How to clean mushrooms

Mushrooms add earthy flavor and texture to all kinds of savory dishes. In this video, you’ll see how to clean mushrooms for cooking, plus learn about different types of mushrooms, including dried mushrooms. You’ll see how to store mushrooms correctly so they don’t get mushy. You’ll learn great ways to wash different kinds of mushrooms properly; some with just a wipe down (like shiitake, portobello, crimini, and button mushrooms), others with a mushroom cleaning brush (like chanterelles). If you’re rinsing with water, we’ll show you how to do it without water logging them. You’ll also see how to refresh dried mushrooms and how to get the most out of your rehydrating liquid.


Whether you’re talking about a porcini, shiitake, chanterelle – or the even the common button mushroom found in the supermarket – properly cleaning and storing your mushrooms is the key to freshness.

Keep mushrooms fresh by storing them correctly. Mushrooms like air, so don’t close them up in a plastic bag, which is a quick way to make them sticky, squishy and unappetising! Instead, place them in a paper bag or on a tray in the fridge covered with a damp piece of kitchen roll.

Here’s another freshness tip: Don’t wash mushrooms until you’re ready to use them.

When you’re ready to add mushrooms to your favourite recipe, first remove the soil that clings to the cap and stem – do this in one of several ways:

Wipe down
Use a damp piece of kitchen paper to gently wipe off the cap and stem – an especially good method for smooth-capped mushrooms such as portobellos or buttons.

Brush off
Use a wet or dry toothbrush (kitchen shops also sell mushroom brushes) to whisk away soil – a good cleaning method for mushrooms with creased tops such as chanterelles.

Rinse and shake
You also can rinse mushrooms under running water then give them a good shake to remove water from the gills (the area beneath the cap).

If you use dried mushrooms, you first need to rehydrate them before cooking.
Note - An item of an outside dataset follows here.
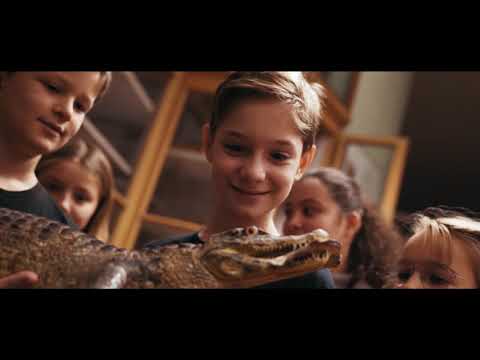 Franziskanergymnasium Bozen - leben lernen!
To do this, soak them in warm water, wine or stock. Twenty minutes or so should do it.

When the mushrooms are soft, lift them out of the liquid with a slotted spoon.

Don’t toss the liquid! It’s full of flavour – but also sediment. Filter the liquid through a coffee filter or a clean, damp piece of kitchen paper. Add it to your recipe – to flavour to soups, stews or sauces. Or freeze it to use later.